Take ‘fast-glob’, a file-search utility widely adopted across the tech industry. Security firm Hunted Labs revealed that the program appears in thousands of software packages, including over 30 used by the US Department of Defense. It is downloaded around 75 million times each week, underscoring how deeply embedded it is in global systems.
The project is run by one man: Denis Malinochkin, better known online as mrmInc. Based in Moscow, Malinochkin previously worked at Yandex, a Russian tech company sometimes linked with government surveillance. However, there is no evidence of wrongdoing. Malinochkin has stressed that he built ‘fast-glob’ independently, long before joining Yandex, and its open-source nature means anyone can audit the code.
The reliance on individuals like Malinochkin is far from unusual. Anchore security expert Josh Bressers notes that more than half of open-source projects are managed by just one developer. In practice, this means essential systems powering governments, banks and businesses often depend on the unpaid, sometimes overstretched work of lone programmers.
“The biggest risk isn’t where the coder lives—it’s that almost all open source is literally one person,” Bressers wrote in a blog post cited by Cybernews. This concentration of responsibility increases vulnerability.

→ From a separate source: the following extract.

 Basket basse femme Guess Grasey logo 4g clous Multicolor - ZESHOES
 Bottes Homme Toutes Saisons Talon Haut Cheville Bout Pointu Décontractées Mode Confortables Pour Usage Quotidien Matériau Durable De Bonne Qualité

If a lone maintainer is pressured by authorities, makes a mistake or simply stops maintaining the project, the consequences can cascade through critical infrastructure.
Experts argue that reducing this risk requires more trusted contributors. Hunted Labs recommends that maintainers of projects like ‘fast-glob’ invite additional developers with strong community ties and transparent backgrounds. In some cases, organisations may prefer to switch to alternatives with larger teams or fork existing projects to build safer versions. The US Department of Defense, for example, already mandates extra scrutiny of the open-source tools it uses, particularly when their maintainers are based in countries with different security standards.